• INFORMATION PROVIDED:
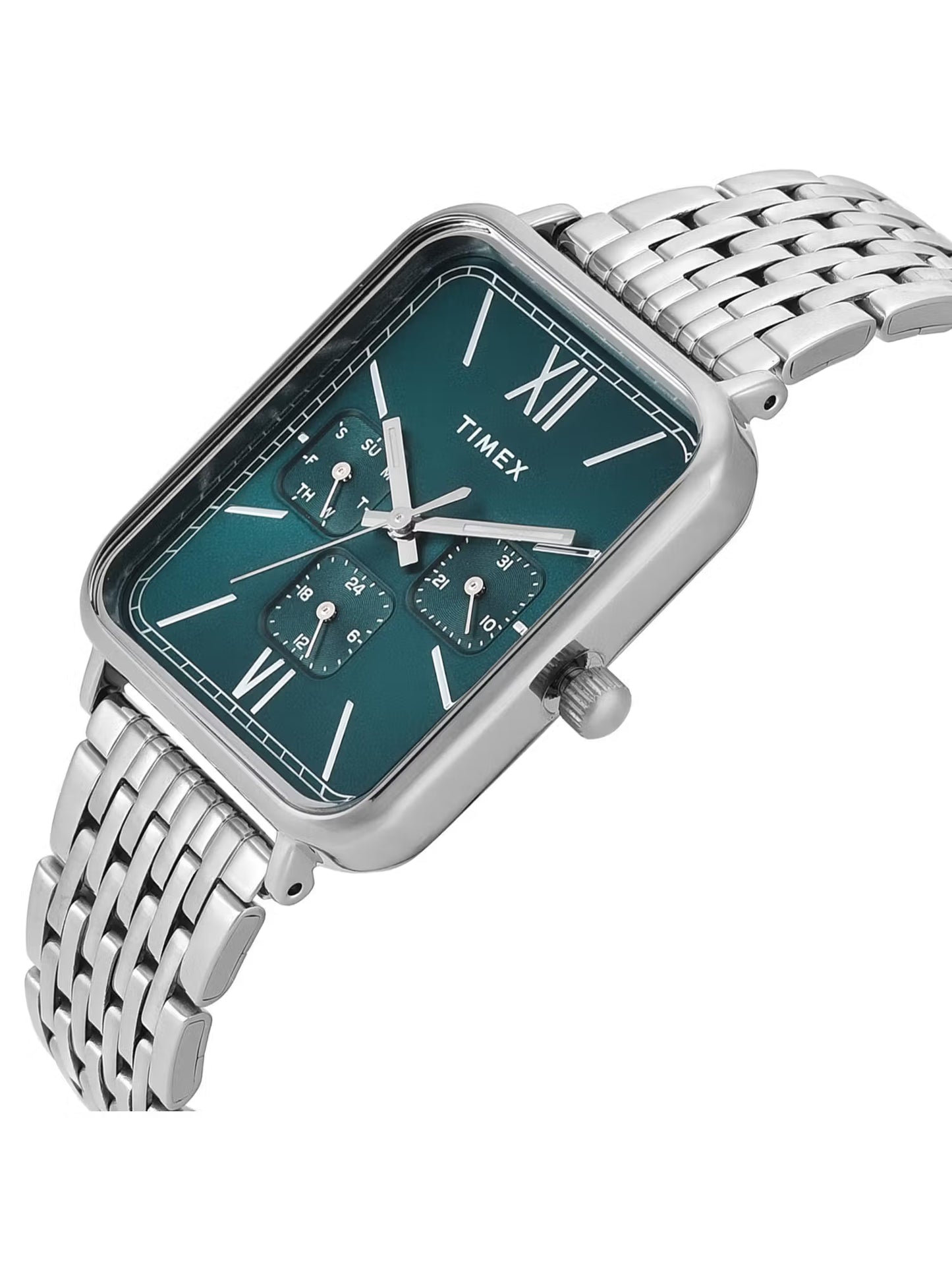 Timex Men Trendline Teal Dial Analog Watch - TWEG34600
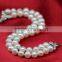 hot sale AAA near round white color freshwater pearl bracelet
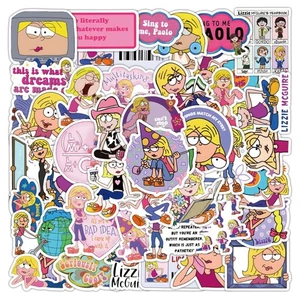 100Pcs Stickers for Lizzie McGuire Kids Gifts Water Bottle Cup Laptop Waterproof - Picture 1 of 5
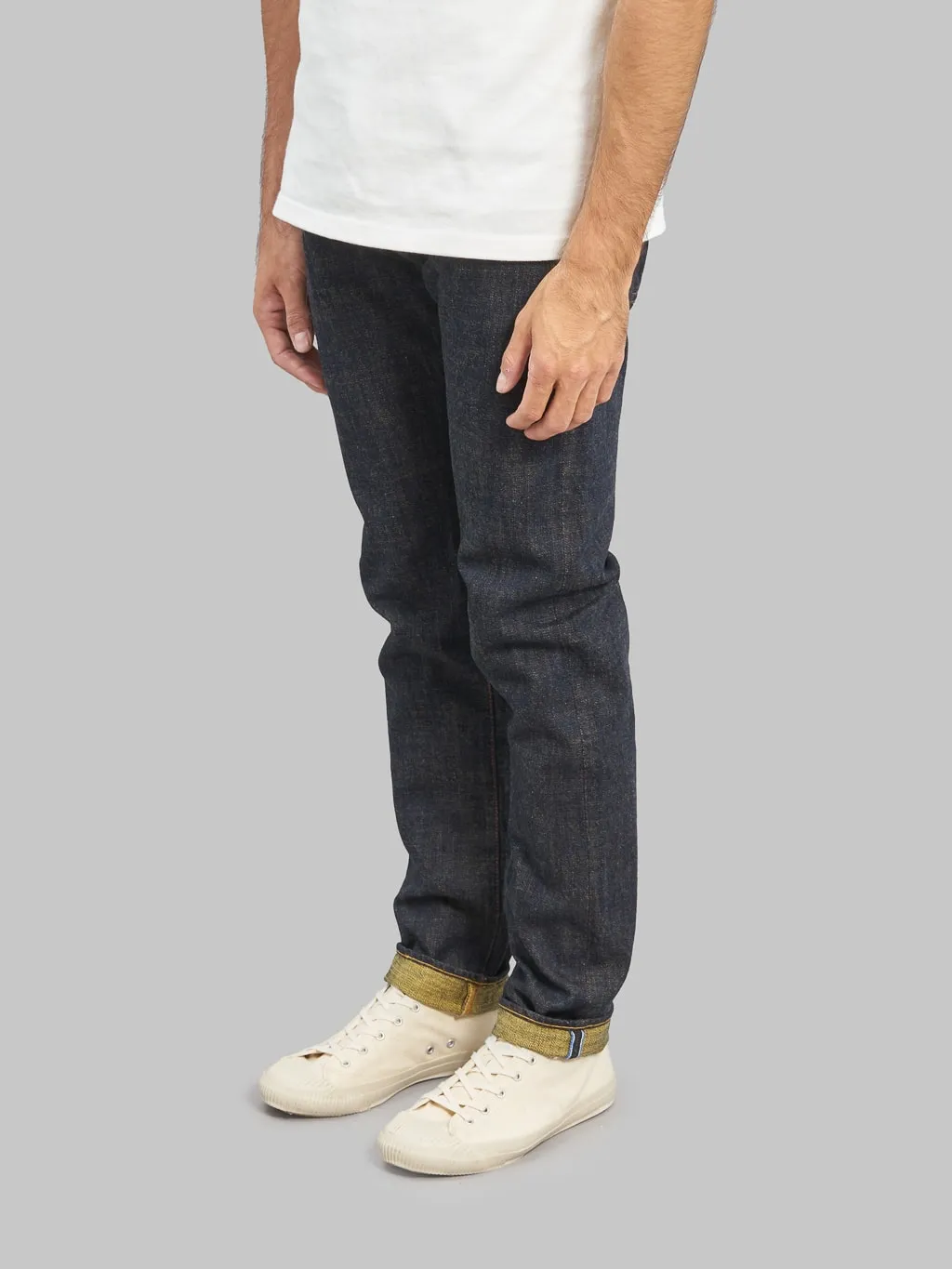 Tanuki "Soga" 15oz High Tapered Jeans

• EXERCISE AIM: Each line above should be written out again unchanged; no images are to be carried over.

• SOLUTION:
 Timex Men Trendline Teal Dial Analog Watch - TWEG34600
 hot sale AAA near round white color freshwater pearl bracelet
 100Pcs Stickers for Lizzie McGuire Kids Gifts Water Bottle Cup Laptop Waterproof - Picture 1 of 5
 Tanuki "Soga" 15oz High Tapered Jeans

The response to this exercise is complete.